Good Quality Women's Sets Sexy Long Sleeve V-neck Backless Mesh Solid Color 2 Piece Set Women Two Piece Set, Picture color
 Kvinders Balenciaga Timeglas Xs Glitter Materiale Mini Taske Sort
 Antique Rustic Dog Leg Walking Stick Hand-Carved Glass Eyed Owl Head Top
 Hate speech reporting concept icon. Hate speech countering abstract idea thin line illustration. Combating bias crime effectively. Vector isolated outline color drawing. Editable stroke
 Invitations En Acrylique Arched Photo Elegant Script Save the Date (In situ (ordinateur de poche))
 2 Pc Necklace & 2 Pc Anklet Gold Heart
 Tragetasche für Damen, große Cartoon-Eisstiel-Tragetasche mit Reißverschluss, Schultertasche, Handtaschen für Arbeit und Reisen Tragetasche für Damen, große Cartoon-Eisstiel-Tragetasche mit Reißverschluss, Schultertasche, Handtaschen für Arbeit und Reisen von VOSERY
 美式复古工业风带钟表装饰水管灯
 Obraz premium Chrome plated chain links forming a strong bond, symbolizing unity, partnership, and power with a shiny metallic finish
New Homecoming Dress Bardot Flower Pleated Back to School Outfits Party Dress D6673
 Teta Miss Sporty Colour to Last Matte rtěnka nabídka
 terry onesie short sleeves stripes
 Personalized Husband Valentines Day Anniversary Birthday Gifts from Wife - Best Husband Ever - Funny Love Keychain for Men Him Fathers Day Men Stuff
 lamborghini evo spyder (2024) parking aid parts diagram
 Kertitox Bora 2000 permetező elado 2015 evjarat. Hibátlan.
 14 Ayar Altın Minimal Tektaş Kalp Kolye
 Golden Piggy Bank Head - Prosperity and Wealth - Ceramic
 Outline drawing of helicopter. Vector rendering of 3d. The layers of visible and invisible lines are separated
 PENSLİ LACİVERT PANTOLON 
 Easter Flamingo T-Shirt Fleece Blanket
******************************
## Your goal:
What lines of the listing contain the word "drawing"? Copy them all.

## Response for this exercise:
 Hate speech reporting concept icon. Hate speech countering abstract idea thin line illustration. Combating bias crime effectively. Vector isolated outline color drawing. Editable stroke
 Outline drawing of helicopter. Vector rendering of 3d. The layers of visible and invisible lines are separated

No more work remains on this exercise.